I normally follow one easy principle:
Everything that is mandatory for the correct existence and behavior of the class instance should be passed and done into the constructor.
Every other activity is done by other methods.
The constructor should never:
- use other methods of the class with the purpose of using overriding behavior
- act on its private attributes via methods
Because I learned the hard way that while you are in the constructor, the object is in a incoherent, intermediate state which is too dangerous to handle. Some of this unexpected behavior could be expected from your code, some could be from the language architecture and compiler decisions. Never guess, stay safe, be minimal.
In your case, I would use a Parser::parseHtml(file) method. The instantiation of the parser and the parsing are two different operations. When you instance a parser, the constructor puts it in the condition to perform its job (parsing). Then you use its method to perform the parsing. You then have two choices:
- Either you allow the parser to contain the results of the parsing, and give the clients an interface to retrieve the parsed information (e.g. Parser::getFooValue()). The methods will return Null if you haven't performed parsing yet, or if the parsing failed.
- or your Parser::parseHtml() returns a ParsingResult instance, containing what the Parser found.
The second strategy grants you better granularity, as the Parser is now stateless, and the client needs to interact with the methods of the ParsingResult interface. The Parser interface remains sleek and simple. The internals of the Parser class will tend to follow the Builder pattern.
You comment: "I feel as though returning an instance of a parser that hasn't parsed anything (as you suggest), a constructor that's lost its purpose. There's no use in initializing a parser without the intent of actually parsing the information. So if parsing is going to happen for sure, should we parse as early as possible and report and errors early, such as during the construction of the parser? I feel as though initializing a parser with invalid data should result in an error being thrown."
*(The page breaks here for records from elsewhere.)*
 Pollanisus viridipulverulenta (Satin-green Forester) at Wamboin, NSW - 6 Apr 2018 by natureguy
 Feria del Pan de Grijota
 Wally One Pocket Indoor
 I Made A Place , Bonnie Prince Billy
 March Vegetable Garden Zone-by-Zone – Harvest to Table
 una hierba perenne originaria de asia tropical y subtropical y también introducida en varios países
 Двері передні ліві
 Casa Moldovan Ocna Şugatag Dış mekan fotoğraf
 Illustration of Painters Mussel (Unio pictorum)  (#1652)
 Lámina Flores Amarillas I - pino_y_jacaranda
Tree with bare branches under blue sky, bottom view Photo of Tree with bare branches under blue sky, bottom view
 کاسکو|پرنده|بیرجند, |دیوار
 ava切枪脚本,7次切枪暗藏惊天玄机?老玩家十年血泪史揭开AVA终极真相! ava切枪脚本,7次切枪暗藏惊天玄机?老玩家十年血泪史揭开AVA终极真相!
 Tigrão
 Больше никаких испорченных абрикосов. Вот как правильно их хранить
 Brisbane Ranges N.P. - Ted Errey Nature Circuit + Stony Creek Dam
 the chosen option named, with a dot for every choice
Not really. If you return an instance of a Parser, of course it's going to parse. In Qt, when you instantiate a button, of course it's going to be shown. However, you have the method QWidget::show() to manually call before something is visible to the user.
Any object in OOP has two concerns: initialization, and operation (ignore finalization, it's not on discussion right now). If you keep these two operations together, you both risk trouble (having an incomplete object operating) and you lose flexibility. There are plenty of reasons why you would perform intermediate setup of your object before calling parseHtml(). Example: suppose you want to configure your Parser to be strict (so to fail if a given column in a table contains a string instead of an integer) or permissive. Or to register a listener object which is warned every time a new parsing is performed or ended (think GUI progress bar). These are optional information, and if your architecture puts the constructor as the übermethod that does everything, you end up having a huge list of optional method parameters and conditions to handle into a method which is inherently a minefield.
"Caching should not be the responsibility of a parser. If data is to be cached, a separate cache class should be created to provide that functionality."
On the opposite. If you know that you are going to use the parsing functionality on a lot of files, and there's a significant chance that the files are going to be accessed and parsed again later on, it is internal responsability of the Parser to perform smart caching of what it already saw. From the client perspective, it is totally oblivious if this caching is performed or not. He is still callling the parsing, and still obtaining a result object. but it is getting the answer much faster. I think there's no better demonstration of separation of concerns than this. You boost performance with absolutely no change in the contract interface or the whole software architecture.
However, note that I am not advocating that you should never use a constructor call to perform parsing. I am just claiming that it's potentially dangerous and you lose flexibility. There are plenty of examples out there where the constructor is at the center of the actual activity of the object, but there is also plenty of examples of the opposite. Example (although biased, it arises from C style): in python, I would consider very weird something like this
f = file()
f.setReadOnly()
f.open(filename)
instead of the actual
f = file(filename,"r")
But I am sure there are IO access libraries using the first approach (with the second as a sugar-syntax approach).
Edit: finally, remember that while it's easy and compatible to add in the future a constructor "shortcut", it is not possible to remove this functionality if you find it dangerous or problematic. Additions to the interface are much easier than removals, for obvious reasons. Sugary behavior must be weighted against future support you have to provide to that behavior.